What I want is a vector with the condition for each participant:
1 NA 3 4
I wrote the following bit, but was wondering if there was a more efficient way (i.e., using fewer lines of code)?
#replace entries with condition numbers
cond <- data + matrix(rep(0:3, 4), 4, byrow=TRUE) #add 0 to 1 for condition 1...
#get all unique elements (ignore NAs)
cond <- apply(cond, 1, function(x)unique(x[!is.na(x)]))
#because I ignored NAs just now, cond[2,2] is numeric(0)
#assign NA to all values that are numeric(0)

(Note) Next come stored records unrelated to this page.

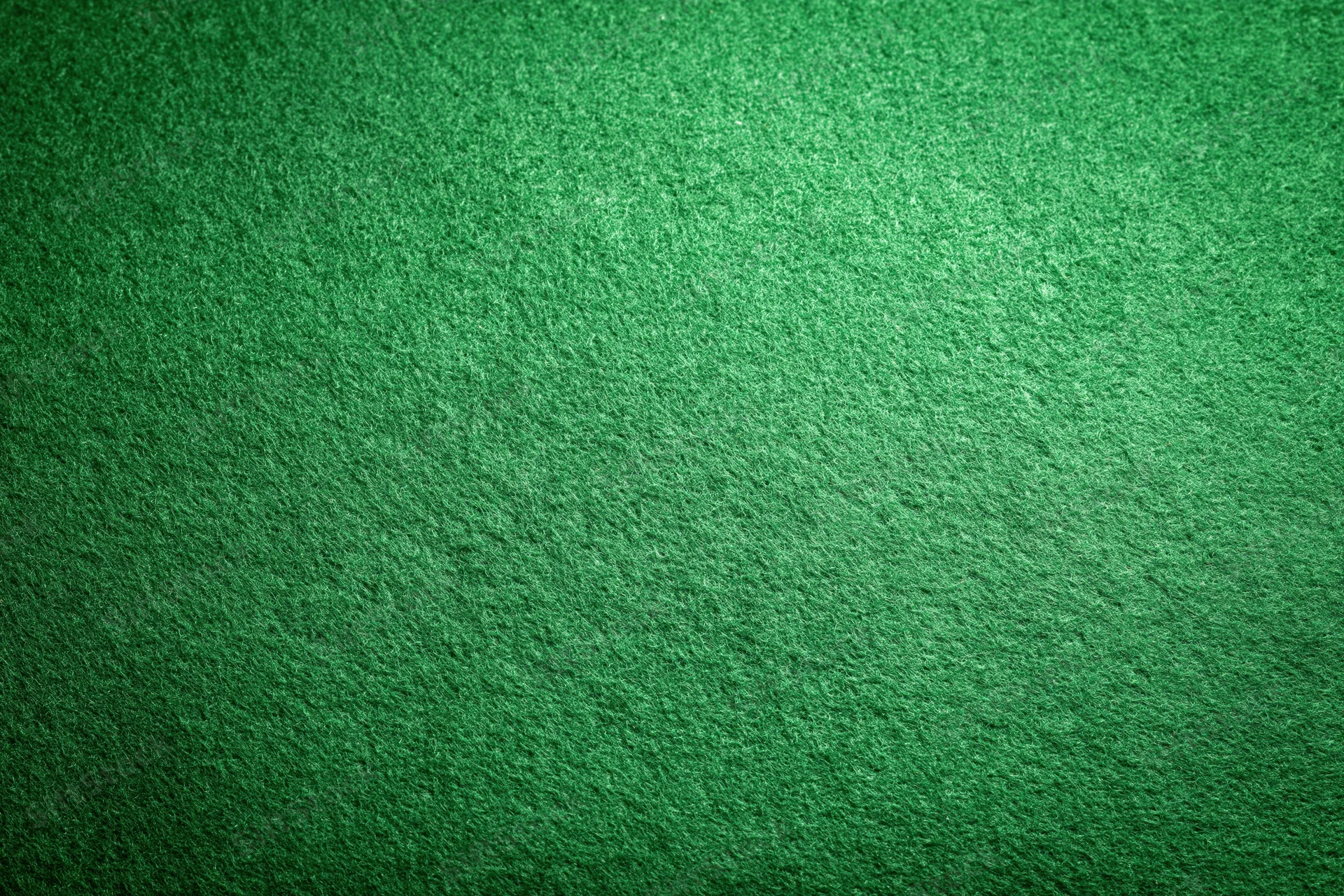 Green felt fabric filling the frame in a flat lay close-up view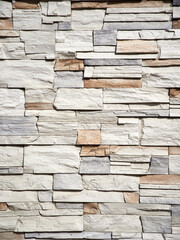 Facade decoration with decorative natural stone. Texture of decorative stone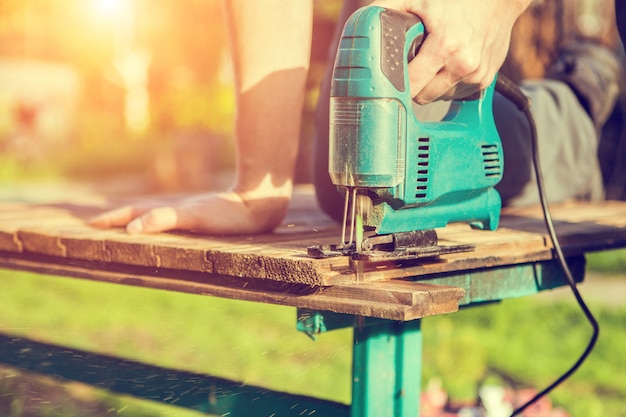 Carpenter working with electric jigsaw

cond[sapply(cond, function(x) length(x)==0)] <- NA
cond <- unlist(cond)
cond
#[1] 1 NA 3 4
We can use max.col
with ties.method='first'
on the logical matrix of non-NA elements in 'data'. To make the rows that have only NA elements as NA, we multiply the max.col
index with rowSums
of logical matrix with 0 non-NA rows converted to NA (NA^
).
max.col(!is.na(data), 'first')* NA^!rowSums(!is.na(data))
#[1] 1 NA 3 4
Or another option is pmax
. We multiply the column index with the data so that the non-NA elements get replaced by the index. Then, use pmax
with na.rm=TRUE
and get the max value per each row.
do.call(pmax, c(col(data)*data, na.rm=TRUE))
#[1] 1 NA 3 4
Using the reshape2
package:
> data$ID <- rownames(data)
> melt(data, 'ID', na.rm=TRUE)
ID variable value
1 1 V1 1
11 3 V3 1
16 4 V4 1
IMHO, this has the advantage of keeping the ID variable along with the treatment factor; also if you have a response measurement it comes along too in the value column.
EDIT:
If you want to include the subject under no conditions, you can reconstruct that indicator variable explicitly:
data$VNA <- ifelse(apply(is.na(data), 1, all), 1, NA)
Less clever and efficient than other solutions, but perhaps more readable?
apply(data,
MARGIN = 1,
FUN = function(x) {
if(all(is.na(x))) return(NA)
return(which(!is.na(x)))
}
)
# [1] 1 NA 3 4